STATS: Compute statistics on GAUSS datasets


  The STATS program is a simple utility for computing statistics on GAUSS datasets.
  It can also be used to compute frequencies.


			----------------------------------
I. Synopsis

To use STATS, you must create a "GRBL2-style" input file.

These input files are comprised of "keyphrases".
 
  The syntax of these keyphrases is:

     KEYWORD option_list ;

  where:
    Keyword: one of several keywords understood by SNP
    option_list: a list of one or more space delimited options.
		 The syntax of these options depends on the keyword.
  Notes: 
     * comments are enclosed between ampersand characters.
     * each keyphrase MUST end with a semi-colon 
     * keywords and options are case-INsensitive
     * For a complete description of GRBL2 input files, see in GRBL2_BATCH.TXT

STATS supports two actions using the keyphrases:
   STATS options ;   : Basic statistics
   FREQ  options     : Frequency 

In addition, the following keyphrases are supported (see GRBL2_BATCH.TXT for
the details).

   OUTPUT out_file  ; Name of a file to write a report of results to 
   INPUT  in_file   ; Name of GAUSS dataset 

There are a number of keyphrases used with STATS and FREQ...  

	--------------------------------

II. Description of STATS and FREQ

	--------------------------------


IIa.

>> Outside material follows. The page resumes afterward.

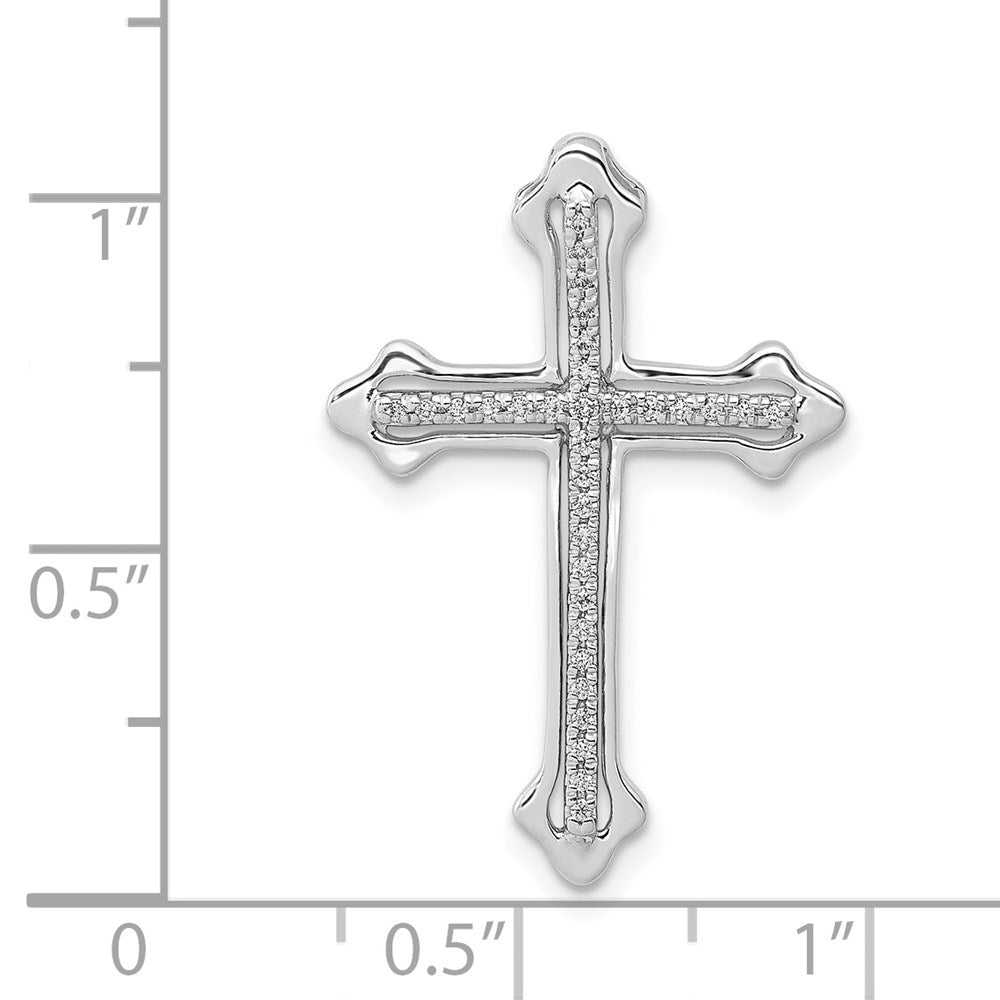 14K Weißgold Poliert 1/10ct. Echt Diamant Knospend Kreuz Kette Anhänger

STATS

STATS will generate a variety of statistics for variables in a GAUSS dataset.
You can also generate statitics for subsets of the data, using a BY variable.


The following keyphrases are required (see GRBL2_BATCH.TXT for the details):

FILENAME : Name of the input (gauss data) file. 

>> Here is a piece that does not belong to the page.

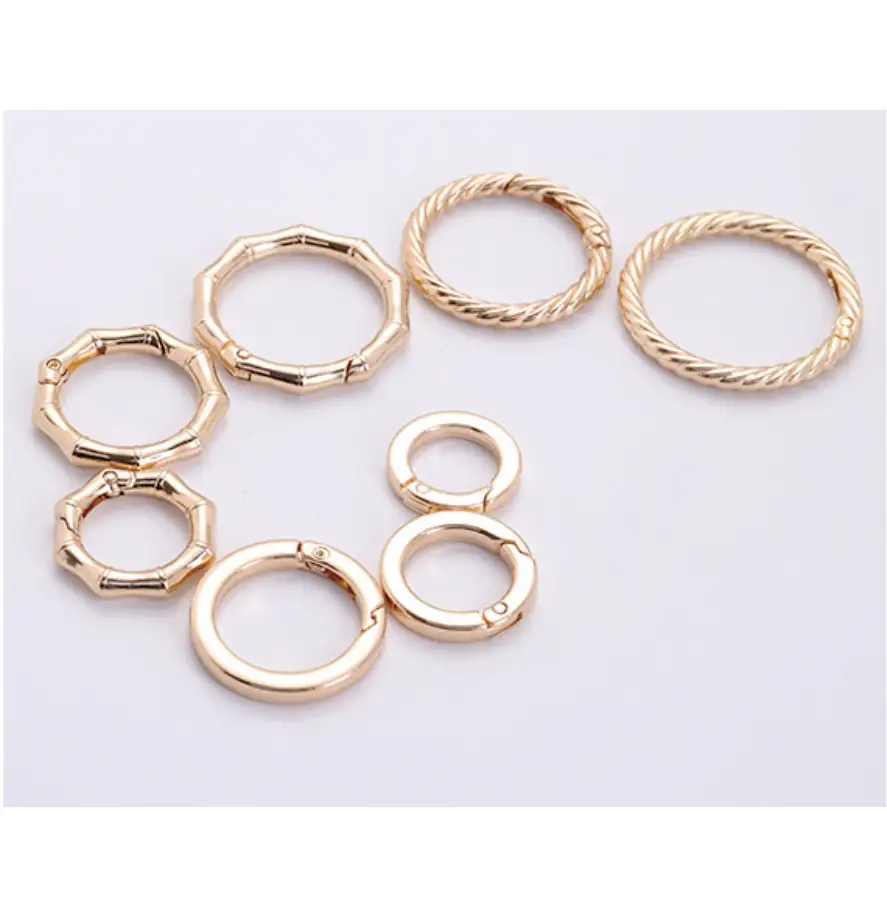 Customizável Gold Zinc Alloy Vestuário Bag Acessórios Primavera O Anéis Alloy Key Ring Primavera Buckles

 X      : variables to compute statistics for. 


The following are optional. 

BY : Break dataset into subsets

   The BY variable tells STATS to produce a seperate set of statistics for subsets
    of the data -- where each subset has the same value of the BY variable.

   Syntax:
       BY varname ;		

   Carefu: if the BY variable has lots of values, a lot of of tables will
           be produced.


ID : A panel identifier.
   If specified, basic statistics on the number, and size, of the panels will be reported.

   
OUTPUT  : Name of output file


SELECT :  Observation selection critieria. 0 to use all obs
         See GRBL2_BATCH.TXT for the details on observation selection.


STATLIST : Space delimited string of statistics to be generated.

     The following statistics are supported:
	  MEAN MEDIAN MIN MAX N NMISS SD SUM 1 5 10 25 50 75 90 95 99 

      Or
	   *  
      to display all the above statistics.

      Or, if blank (not specified)
	  MEAN SD MIN MAX N 


      Notes:
        *  The 1... 99 refer to quintiles. 
           I.e.; 5 means the value at which 5% of the observations are less then.
        *  Statistics are displayed in order entered in STATLIST.
        *  Only 5 items are displayed per table (hence, if you specify 
	   everything, 4 tables are created).
	*  Include a " $" to force a "table break".
	     For example:
	        STATS MEAN SD SUM $ MEDIAN 1 5 95 99 ;
	     Would produced 2 tables, the first with three columns of statistics, the
	     2nd with five.
         * The variable name is always the first column of a table.

TITLE : One or more line title to display.

WEIGHT  :  Weight variable.
     Weight can either be a "scale" or "replication" type.  
     Weights affect the mean, sd, and sum.

     The scale type multiplies the value, and then computes statistics.
     The replication type replicates values, then compute statistics.

     Replication will tend to have less of an impact on the mean and sd.

     Note that the sum of weights is reported. However, depending on what
     observations are missing, the actual sum-of-weights for a given variable
     will vary.




	--------------------------------

IIb. FREQ


FREQ will compute a frequency table for a variable in a GAUSS dataset.
You can specify the categories, or let the program compute them.
Or you can compute a count for all unique values of this variable.


The following keyphrases are required (see GRBL2_BATCH.TXT for the details):

FILENAME : Name of the input (gauss data) file. 

 Y      : variable to compute a frequency for. 



The following are optional. 


RANGE : The categories to compute frequencies within
    	 RANGE -DEFAULT  :   Use the default ranges
         RANGE AUTO=N    :   Program divides into N ranges
         RANGE -ALL      :  Use all values (yields a count of occurences of each value)
         RANGE n1 n2 n3  : n1 .. are categories values:
	     
	Note:
		RANGE -DEFAULT
	and
	     RANGE 0 1 2 3 4 5 10 25 50   100 250 500 1000 2000  1000000 ;
        are the same thing.


OUTPUT  : Name of output file


SELECT :  Observation selection critieria. 0 to use all obs
         See GRBL2_BATCH.TXT for the details on observation selection.


TITLE : One or more line title to display.